Your objective: No pictures go into the copy. Write out exactly the lines below from the one containing "G6095 韓國🇰🇷開胸扭結袖薄外套" through the one containing "Chemise a manches longues rayee blue white".

Start of Records provided

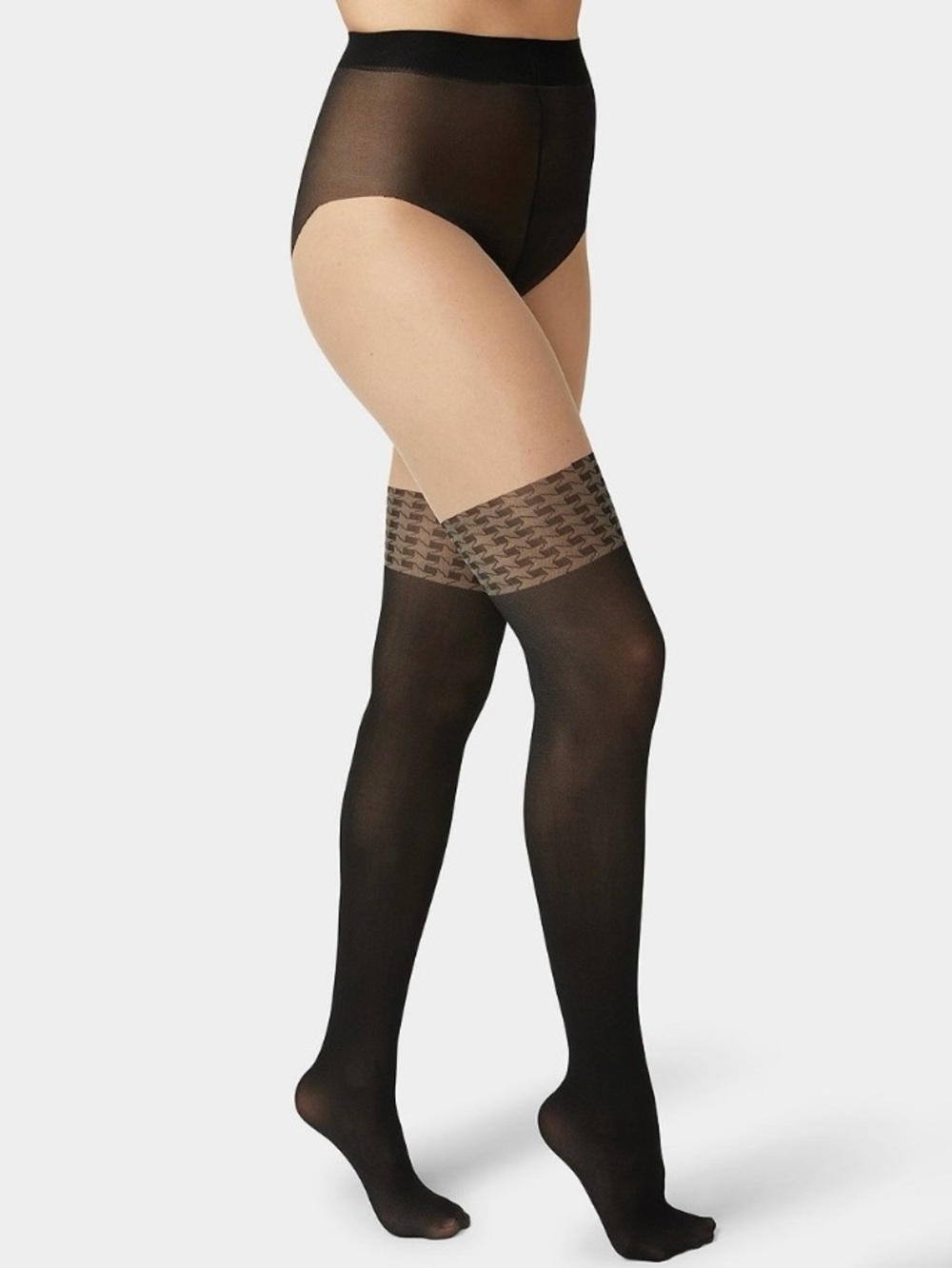 Hue Faux Thigh High Tights Black Size S/M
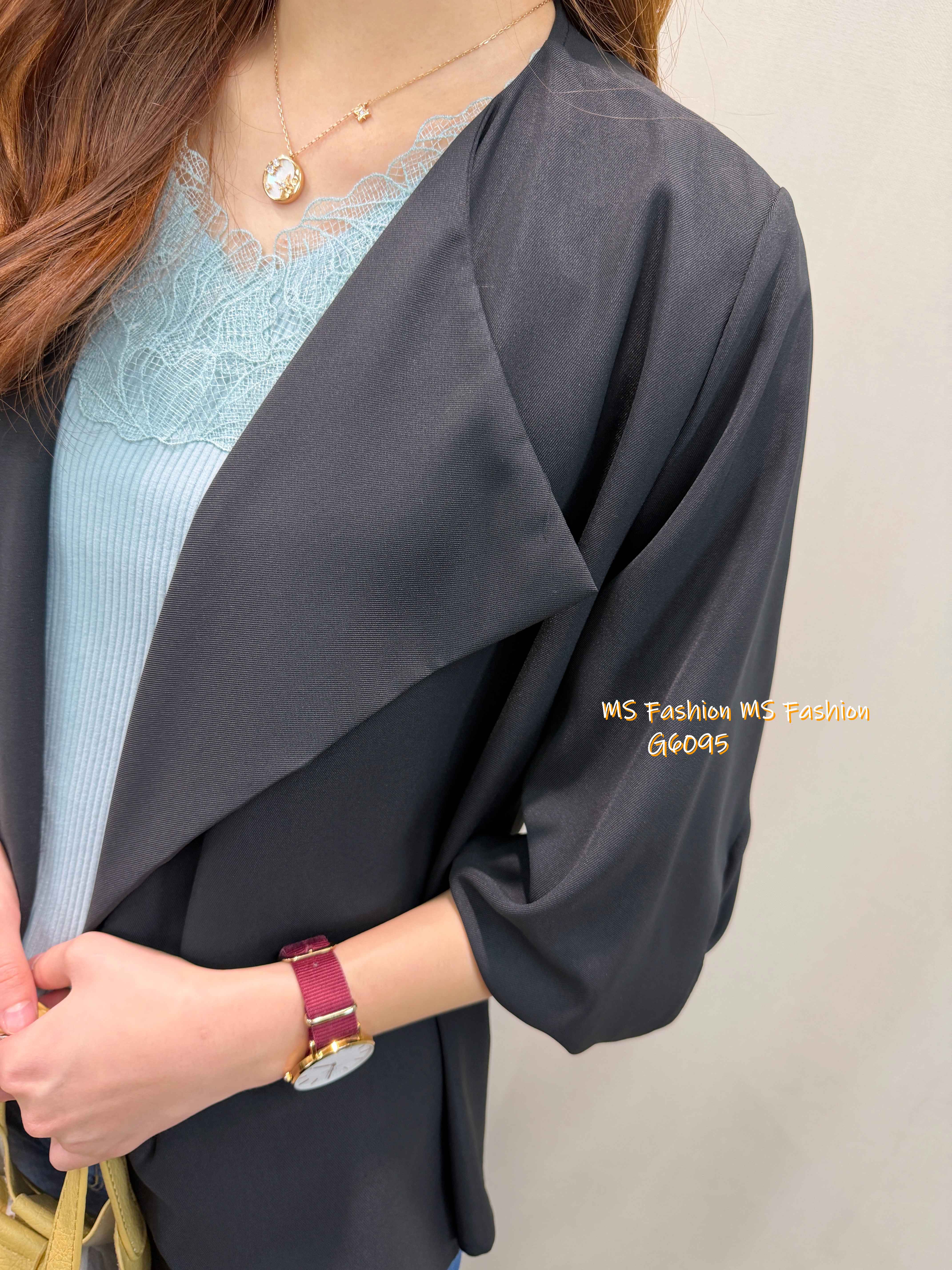 G6095 韓國🇰🇷開胸扭結袖薄外套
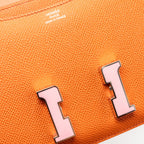 Hermes Mini Constance Epsom Terre Battue/ Rose Confetti SHW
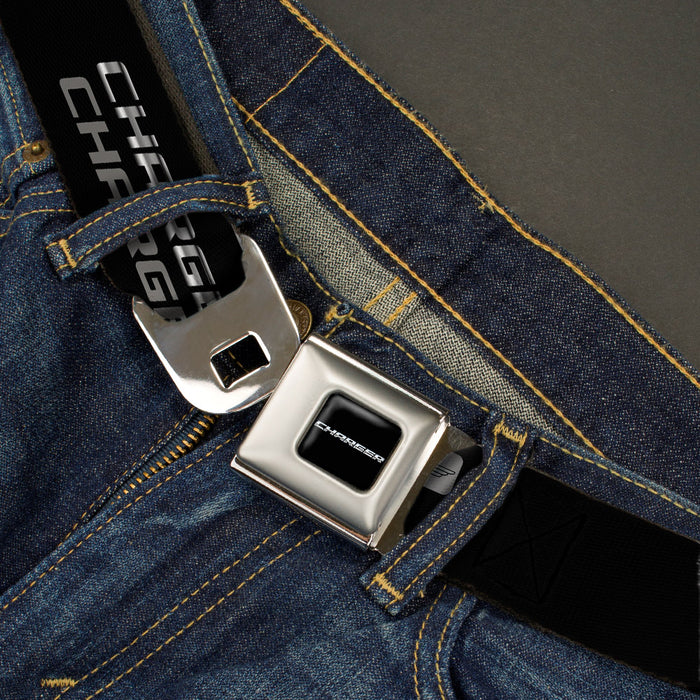 CHARGER Text Seatbelt Belt - CHARGER Double Repeat Black/Gray Webbing Seatbelt Belts Dodge   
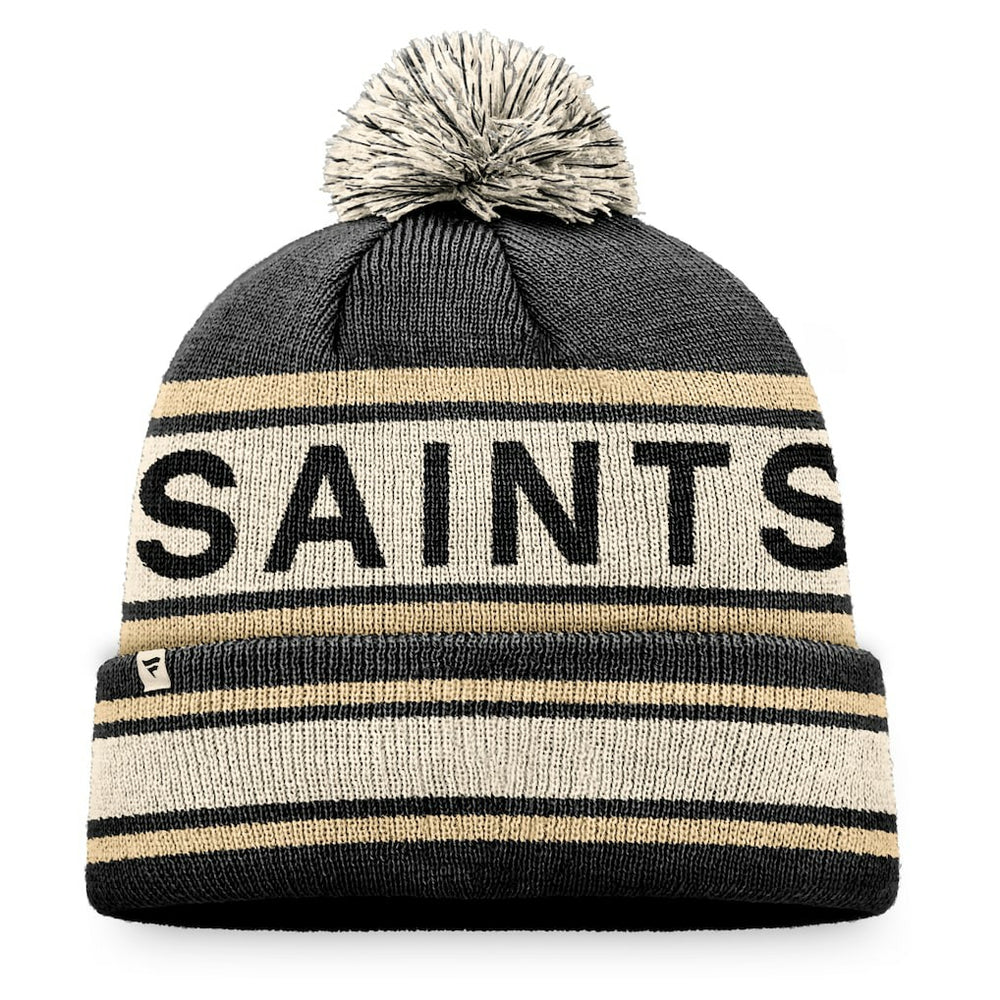 New Orleans Saints Heritage Cuffed Knit Hat with Pom - Black - Fanatics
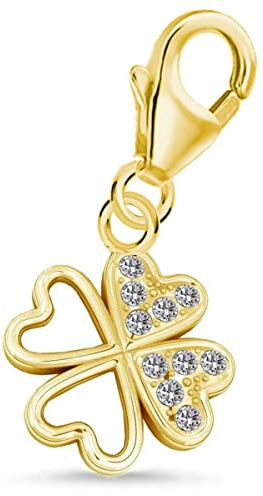 Goldene Hufeisen Glück Kleeblatt Karabiner Charm Anhänger für Bettelarmband aus 925 Sterling-Silber mit Zirkonia Vergoldet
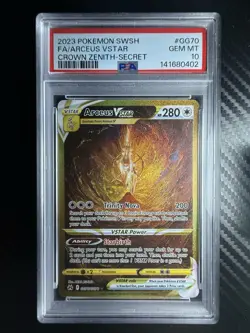 2023 Pokemon SWSH Crown Zenith Secret #GG70 FA Arceus VSTAR PSA 10 - Image 1
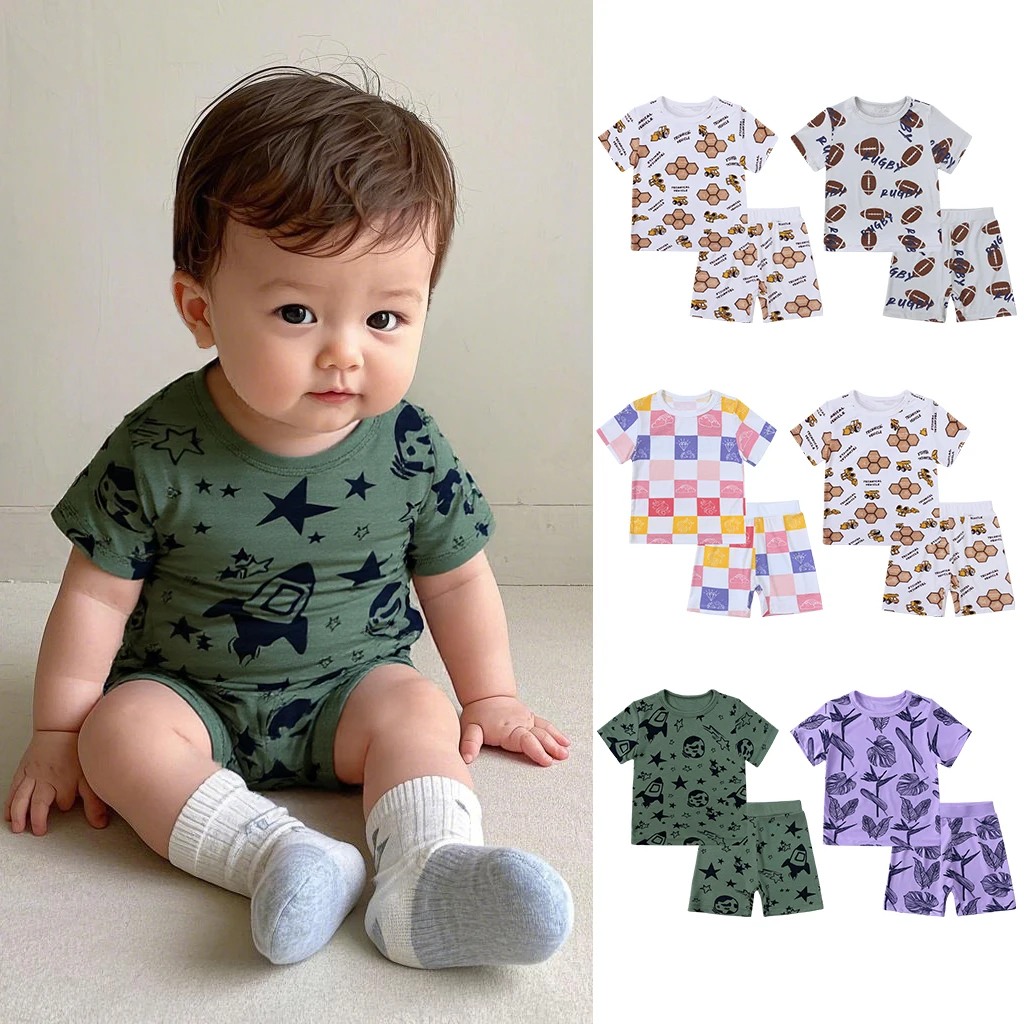 Kinder Kurzarm Anzug Baby Jungen Mädchen Kleidung Bambus Faser Kleidung Sets Voller Druck Nachtwäsche Kostüm Für Kinder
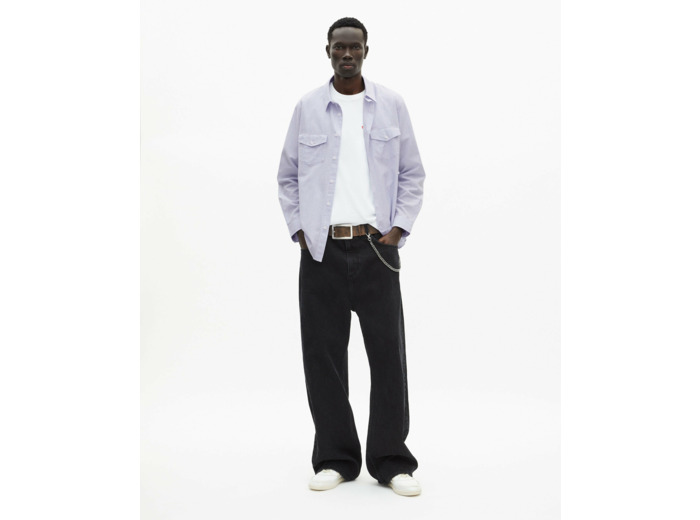 Chemise a manches longues rayee blue white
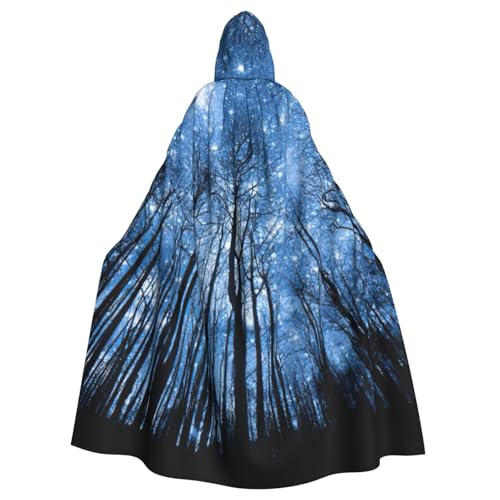 JEJEA Sternenhimmel Druck Hexe Zauberer Kapuzenumhang Erwachsene Halloween Party Umhang für Hexe Vampir Cosplay Kostüm von JEJEA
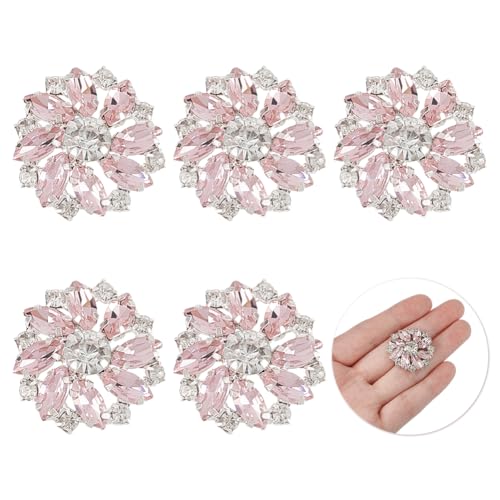 FINGERINSPIRE 6 PCS Shiny Flower Rhinestone Buttons - 1 inch Brass Shank Buttons with Pink Crystal Embellishments for Wedding Party Clothes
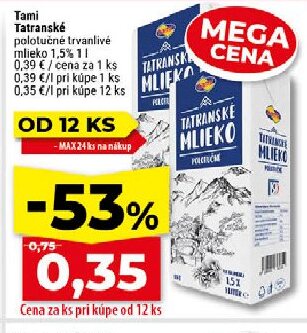 Tami Tatranské polotučné trvanlivé mlieko 1,5%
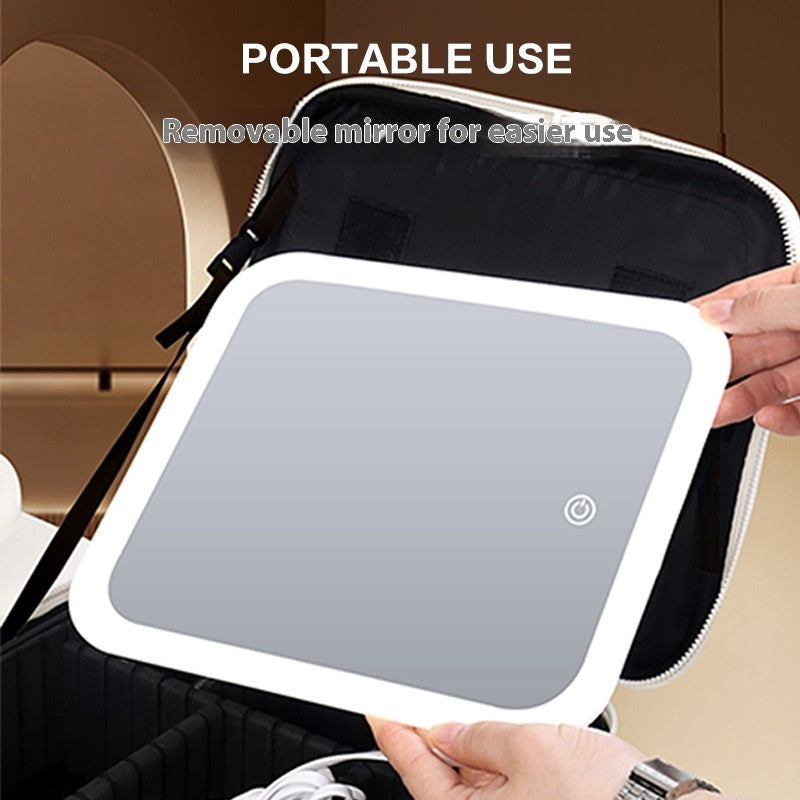Portable Cosmetics Storage Box With Light And Mirror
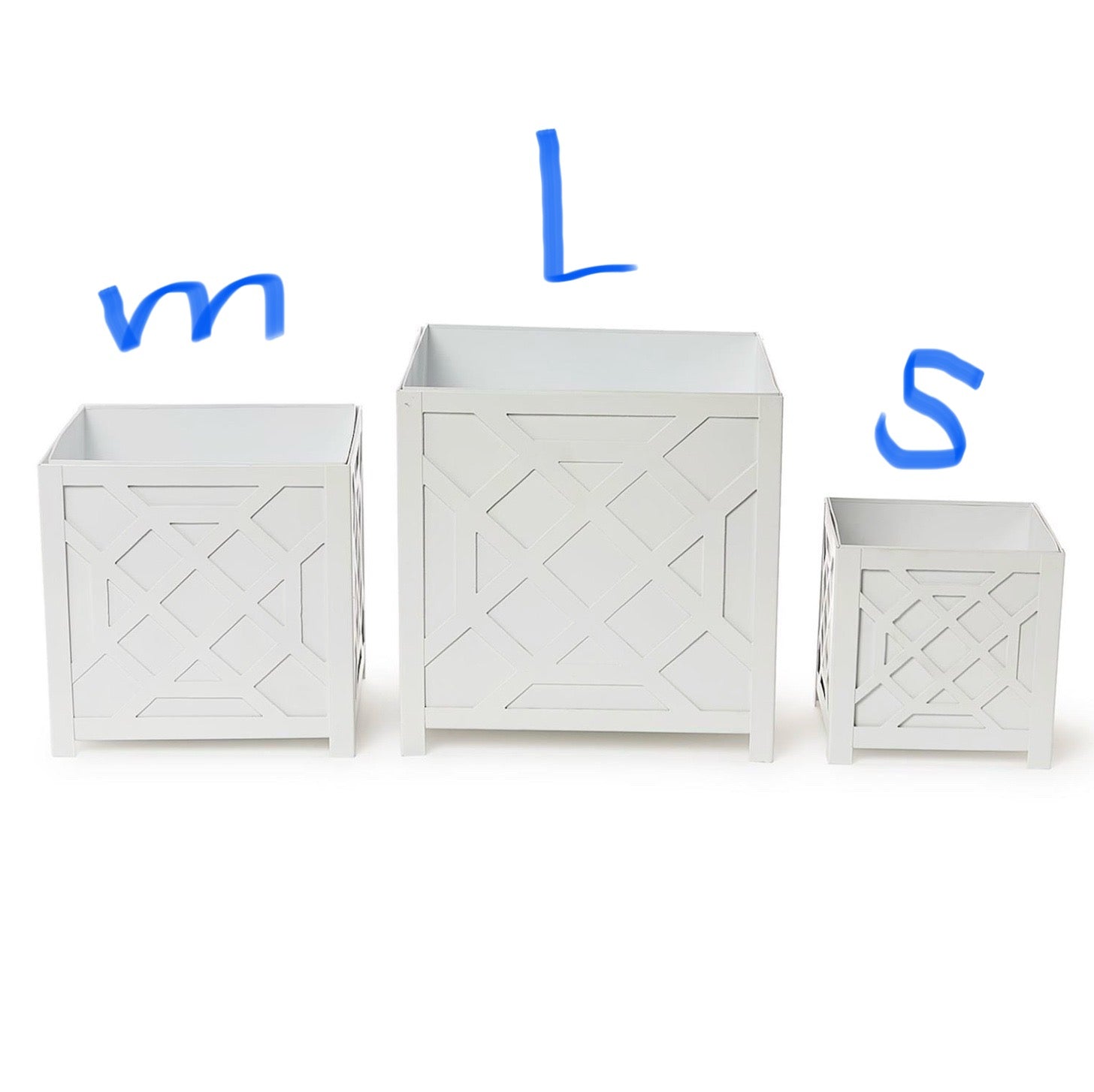 Fretwork Square Metal Planters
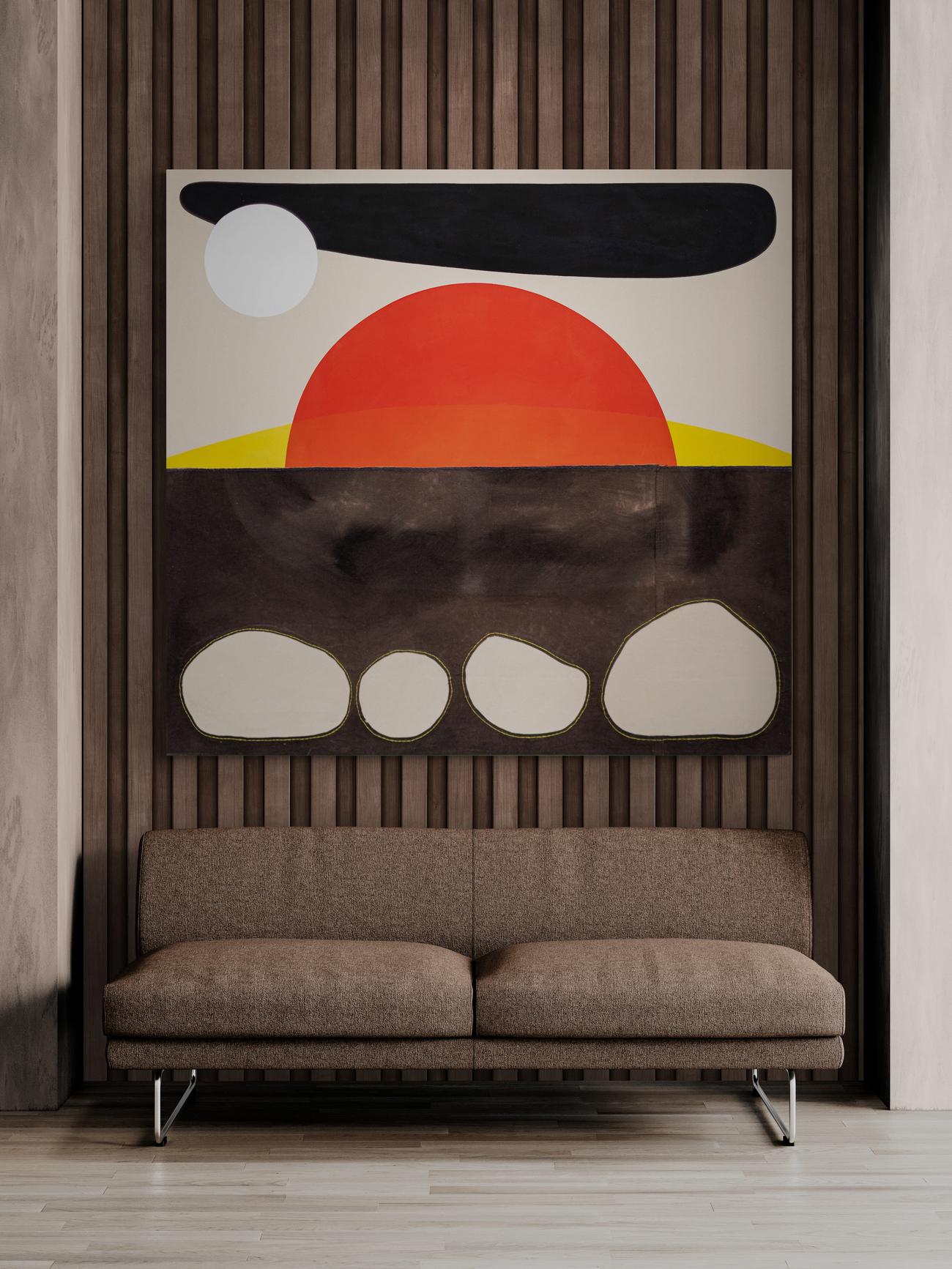 Sol rojo sangre con luna sobre 4 rocas - abstracto, paisaje, acrílico sobre lienzo en venta 10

End of Records provided

The answer:
 G6095 韓國🇰🇷開胸扭結袖薄外套
 Hermes Mini Constance Epsom Terre Battue/ Rose Confetti SHW
 CHARGER Text Seatbelt Belt - CHARGER Double Repeat Black/Gray Webbing Seatbelt Belts Dodge   
 New Orleans Saints Heritage Cuffed Knit Hat with Pom - Black - Fanatics
 Goldene Hufeisen Glück Kleeblatt Karabiner Charm Anhänger für Bettelarmband aus 925 Sterling-Silber mit Zirkonia Vergoldet
 2023 Pokemon SWSH Crown Zenith Secret #GG70 FA Arceus VSTAR PSA 10 - Image 1
 Kinder Kurzarm Anzug Baby Jungen Mädchen Kleidung Bambus Faser Kleidung Sets Voller Druck Nachtwäsche Kostüm Für Kinder
 Chemise a manches longues rayee blue white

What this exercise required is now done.